ACTIVITY ->
From the first line of the records down to the one that holds "near edge, water", transcribe each line exactly and add nothing.

Data items
------------------------------------------------------------------------

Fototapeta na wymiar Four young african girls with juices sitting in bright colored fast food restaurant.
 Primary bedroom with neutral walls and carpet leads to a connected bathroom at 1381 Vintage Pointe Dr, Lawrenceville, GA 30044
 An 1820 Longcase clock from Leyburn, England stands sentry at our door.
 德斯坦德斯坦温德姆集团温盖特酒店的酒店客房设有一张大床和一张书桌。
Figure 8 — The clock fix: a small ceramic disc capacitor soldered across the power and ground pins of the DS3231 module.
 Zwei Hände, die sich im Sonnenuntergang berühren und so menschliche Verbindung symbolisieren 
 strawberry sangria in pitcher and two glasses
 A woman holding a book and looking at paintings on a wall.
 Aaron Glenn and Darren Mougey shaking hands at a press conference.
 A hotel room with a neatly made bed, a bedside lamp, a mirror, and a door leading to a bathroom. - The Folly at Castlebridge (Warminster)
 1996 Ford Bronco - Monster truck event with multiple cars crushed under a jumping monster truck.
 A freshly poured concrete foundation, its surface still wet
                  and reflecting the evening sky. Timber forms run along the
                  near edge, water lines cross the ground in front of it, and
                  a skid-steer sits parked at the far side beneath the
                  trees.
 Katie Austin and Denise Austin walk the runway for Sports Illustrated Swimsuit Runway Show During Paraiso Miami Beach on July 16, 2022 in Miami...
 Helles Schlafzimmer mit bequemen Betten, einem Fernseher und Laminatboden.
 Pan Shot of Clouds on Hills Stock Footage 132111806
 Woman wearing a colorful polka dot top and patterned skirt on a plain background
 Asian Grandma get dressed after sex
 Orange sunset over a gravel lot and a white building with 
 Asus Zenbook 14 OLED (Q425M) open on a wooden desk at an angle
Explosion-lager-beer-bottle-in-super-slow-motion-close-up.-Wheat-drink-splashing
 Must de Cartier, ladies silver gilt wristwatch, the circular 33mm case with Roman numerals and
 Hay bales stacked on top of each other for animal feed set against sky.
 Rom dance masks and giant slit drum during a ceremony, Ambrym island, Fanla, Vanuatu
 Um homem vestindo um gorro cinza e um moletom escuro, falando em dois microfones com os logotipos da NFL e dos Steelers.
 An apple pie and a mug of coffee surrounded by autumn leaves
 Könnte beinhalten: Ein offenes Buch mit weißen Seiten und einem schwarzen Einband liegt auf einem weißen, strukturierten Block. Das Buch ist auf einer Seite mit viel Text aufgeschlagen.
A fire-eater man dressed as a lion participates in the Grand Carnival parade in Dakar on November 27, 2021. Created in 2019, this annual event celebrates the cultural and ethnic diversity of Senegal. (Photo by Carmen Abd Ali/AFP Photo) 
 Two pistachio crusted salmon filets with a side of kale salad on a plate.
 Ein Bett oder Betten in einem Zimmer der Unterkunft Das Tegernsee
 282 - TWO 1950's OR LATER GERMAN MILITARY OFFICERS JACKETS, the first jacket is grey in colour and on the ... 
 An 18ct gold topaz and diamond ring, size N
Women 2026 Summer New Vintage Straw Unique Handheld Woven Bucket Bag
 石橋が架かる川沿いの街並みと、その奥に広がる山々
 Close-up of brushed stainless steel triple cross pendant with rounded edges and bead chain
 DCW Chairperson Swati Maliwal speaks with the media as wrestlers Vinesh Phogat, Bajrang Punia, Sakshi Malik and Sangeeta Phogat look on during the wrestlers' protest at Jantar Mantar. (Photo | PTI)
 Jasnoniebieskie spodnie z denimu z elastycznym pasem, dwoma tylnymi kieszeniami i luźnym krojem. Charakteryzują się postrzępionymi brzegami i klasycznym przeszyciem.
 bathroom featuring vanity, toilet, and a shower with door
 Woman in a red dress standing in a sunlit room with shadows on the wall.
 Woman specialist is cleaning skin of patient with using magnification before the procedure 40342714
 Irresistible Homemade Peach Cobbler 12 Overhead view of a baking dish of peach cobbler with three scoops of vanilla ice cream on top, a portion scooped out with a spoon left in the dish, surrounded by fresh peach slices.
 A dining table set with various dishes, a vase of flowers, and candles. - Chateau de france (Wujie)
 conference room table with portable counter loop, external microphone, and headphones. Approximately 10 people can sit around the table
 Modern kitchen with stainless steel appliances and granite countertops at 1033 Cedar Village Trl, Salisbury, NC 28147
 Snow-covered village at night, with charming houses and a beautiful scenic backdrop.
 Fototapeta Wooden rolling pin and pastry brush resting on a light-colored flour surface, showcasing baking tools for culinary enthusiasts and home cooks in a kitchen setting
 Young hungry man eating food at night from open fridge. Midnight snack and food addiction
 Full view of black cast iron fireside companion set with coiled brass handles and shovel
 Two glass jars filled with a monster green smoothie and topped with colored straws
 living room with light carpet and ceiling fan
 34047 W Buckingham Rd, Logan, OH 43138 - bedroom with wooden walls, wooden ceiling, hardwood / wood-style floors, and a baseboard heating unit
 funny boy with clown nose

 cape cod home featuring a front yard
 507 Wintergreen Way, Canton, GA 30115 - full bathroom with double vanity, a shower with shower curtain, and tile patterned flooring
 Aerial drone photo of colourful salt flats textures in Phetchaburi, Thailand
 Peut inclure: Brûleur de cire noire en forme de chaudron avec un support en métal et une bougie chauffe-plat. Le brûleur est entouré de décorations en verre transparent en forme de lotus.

------------------------------------------------------------------------

RESPONSE AREA ->
Fototapeta na wymiar Four young african girls with juices sitting in bright colored fast food restaurant.
 Primary bedroom with neutral walls and carpet leads to a connected bathroom at 1381 Vintage Pointe Dr, Lawrenceville, GA 30044
 An 1820 Longcase clock from Leyburn, England stands sentry at our door.
 德斯坦德斯坦温德姆集团温盖特酒店的酒店客房设有一张大床和一张书桌。
Figure 8 — The clock fix: a small ceramic disc capacitor soldered across the power and ground pins of the DS3231 module.
 Zwei Hände, die sich im Sonnenuntergang berühren und so menschliche Verbindung symbolisieren 
 strawberry sangria in pitcher and two glasses
 A woman holding a book and looking at paintings on a wall.
 Aaron Glenn and Darren Mougey shaking hands at a press conference.
 A hotel room with a neatly made bed, a bedside lamp, a mirror, and a door leading to a bathroom. - The Folly at Castlebridge (Warminster)
 1996 Ford Bronco - Monster truck event with multiple cars crushed under a jumping monster truck.
 A freshly poured concrete foundation, its surface still wet
                  and reflecting the evening sky. Timber forms run along the
                  near edge, water lines cross the ground in front of it, and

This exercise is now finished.